Syllabus for CS5604, Fall 1995 - No. VA
General Information
- Course Name: Information Storage and Retrieval
- Course Number: cs5604
- Index Number: 0510
- Location: Room 436 usually, else in computer lab
- Prerequisites: CS2604 or permission of instructor
- Time: Mon. 6:30-9:00pm
Catalog Description for CS5604
Analyzing, indexing, representing, storing, searching, retrieving, and
presenting desired information.
Models, document processing, thesauri, evaluation of system
effectiveness, special hardware.
Boolean logic and inverted file systems. Fully automatic systems. Role
of probability, artificial
intelligence and computational linguistics.
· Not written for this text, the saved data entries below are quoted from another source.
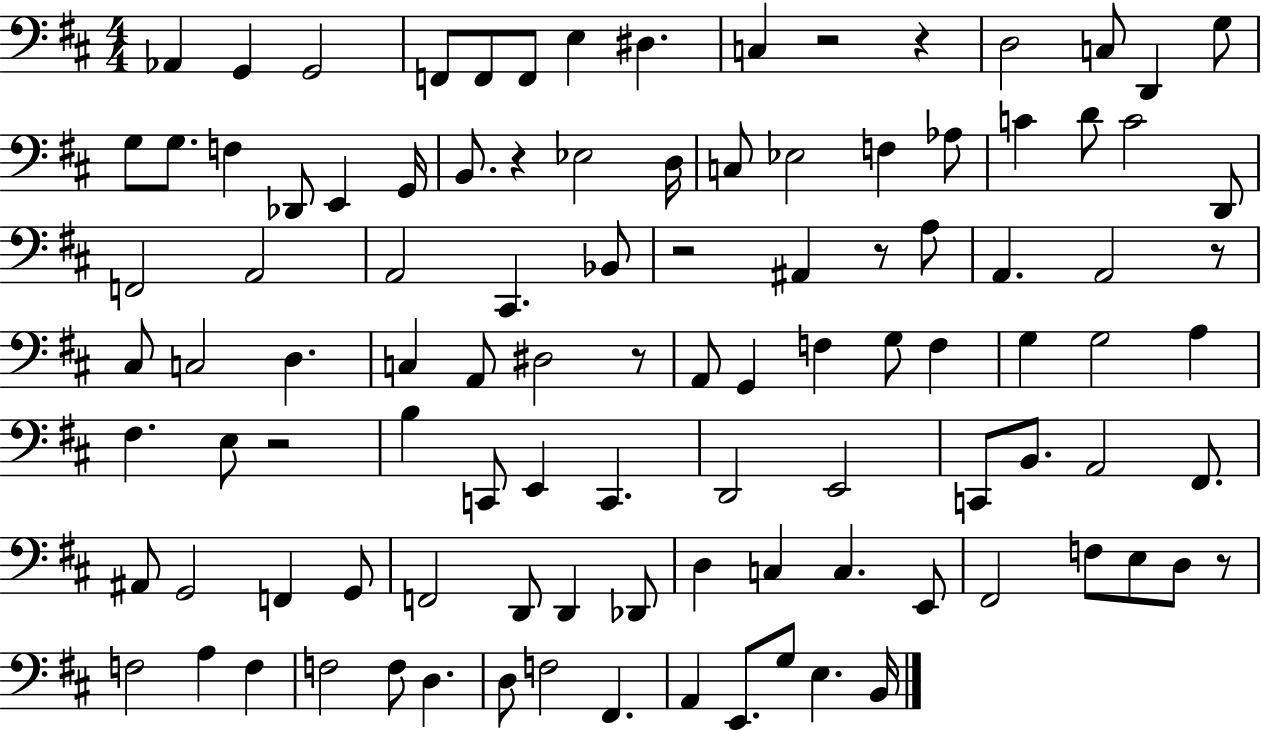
Ab2/q G2/q G2/h F2/e F2/e F2/e E3/q D#3/q. C3/q R/h R/q D3/h C3/e D2/q G3/e G3/e G3/e. F3/q Db2/e E2/q G2/s B2/e. R/q Eb3/h D3/s C3/e Eb3/h F3/q Ab3/e C4/q D4/e C4/h D2/e F2/h A2/h A2/h C#2/q. Bb2/e R/h A#2/q R/e A3/e A2/q. A2/h R/e C#3/e C3/h D3/q. C3/q A2/e D#3/h R/e A2/e G2/q F3/q G3/e F3/q G3/q G3/h A3/q F#3/q. E3/e R/h B3/q C2/e E2/q C2/q. D2/h E2/h C2/e B2/e. A2/h F#2/e. A#2/e G2/h F2/q G2/e F2/h D2/e D2/q Db2/e D3/q C3/q C3/q. E2/e F#2/h F3/e E3/e D3/e R/e F3/h A3/q F3/q F3/h F3/e D3/q. D3/e F3/h F#2/q. A2/q E2/e. G3/e E3/q. B2/s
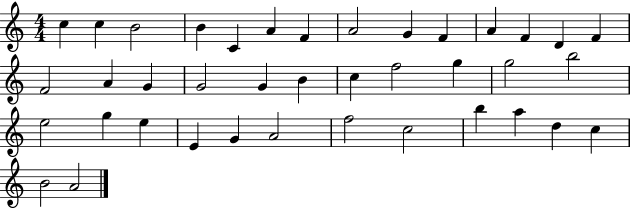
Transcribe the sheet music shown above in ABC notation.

X:1
T:Untitled
M:4/4
L:1/4
K:C
c c B2 B C A F A2 G F A F D F F2 A G G2 G B c f2 g g2 b2 e2 g e E G A2 f2 c2 b a d c B2 A2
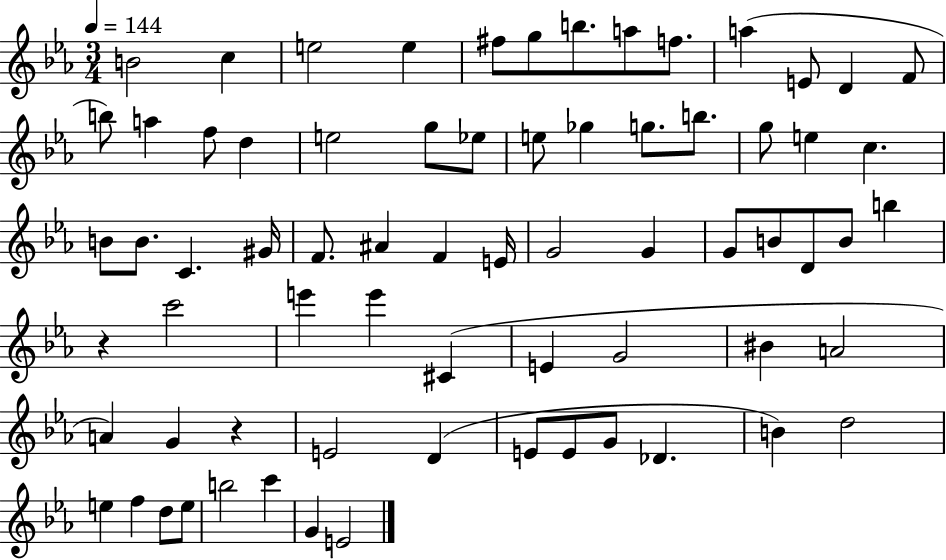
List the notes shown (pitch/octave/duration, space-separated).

B4/h C5/q E5/h E5/q F#5/e G5/e B5/e. A5/e F5/e. A5/q E4/e D4/q F4/e B5/e A5/q F5/e D5/q E5/h G5/e Eb5/e E5/e Gb5/q G5/e. B5/e. G5/e E5/q C5/q. B4/e B4/e. C4/q. G#4/s F4/e. A#4/q F4/q E4/s G4/h G4/q G4/e B4/e D4/e B4/e B5/q R/q C6/h E6/q E6/q C#4/q E4/q G4/h BIS4/q A4/h A4/q G4/q R/q E4/h D4/q E4/e E4/e G4/e Db4/q. B4/q D5/h E5/q F5/q D5/e E5/e B5/h C6/q G4/q E4/h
Additional Course Description for CS5604
Explanation/demonstration of: online bibliographic services; library
systems like VTLS, MARIAN;
retrieval systems like WAIS, CODER; hypertext systems like WWW, Hyper-G,
KMS; digital multimedia with JPEG, MPEG;
applications of artificial intelligence in knowledge bases and information
systems; text processing, electronic publishing, automatic indexing.
Course theme: "digital libraries."
Objectives for CS5604
Prepare students to:
- Commence Masters and/or PhD-level research in the broad area of
information storage and retrieval (IS&R).
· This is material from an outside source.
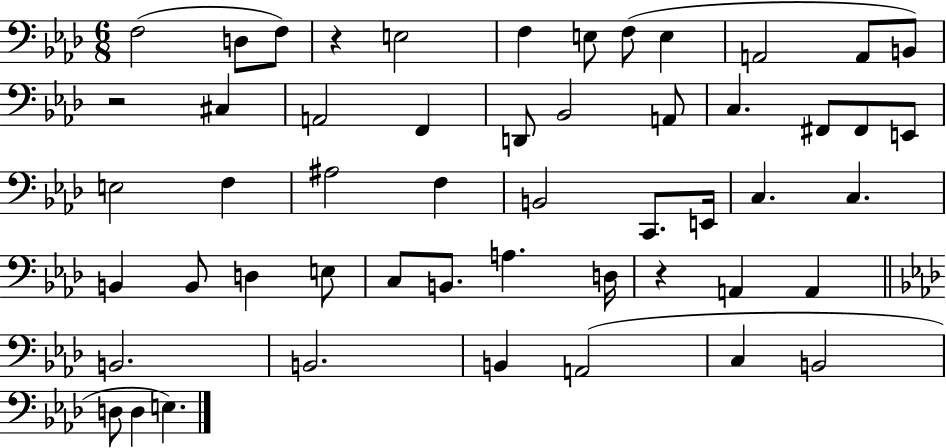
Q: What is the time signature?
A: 6/8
- Read and understand research contributions in this area.
- Critique, contrast, compare, and evaluate the efficiency,
effectiveness, and utility of
commercially available and research prototype systems for IS&R.
- Select, implement, or design and develop algorithms and data
structures for IS&R systems, including digital libraries.
- Effectively use indexing, analysis, search,
hypertext and multimedia access
systems --- for common tasks.
- Communicate effectively using writing and hypertext techniques
to demonstrate mastery of course subject matter.
Grading for CS5604
Attention to reading, labs, demonstrations and class discussions is
imperative.
Students must
demonstrate mastery of a body of knowledge and its application.
The course has 11 units, worth a
total of 135 points. Units CL, DL, IN, IR, SD, SS each are worth 10
points; units HT, IF, KB, MM,
RR each are worth 15 points. You must demonstrate mastery (e.g., quiz
grade of 90%) of each unit
you wish credit for, and will be allowed two retries (against different
questions) or an oral exam on
each unit.
Mastering a unit gives you full credit as long as you have
also completed (possibly in a
group) all assignments for that unit. The open book, open notes final
is worth 100 points and will
have at least 50 points worth of questions taken from unit tests.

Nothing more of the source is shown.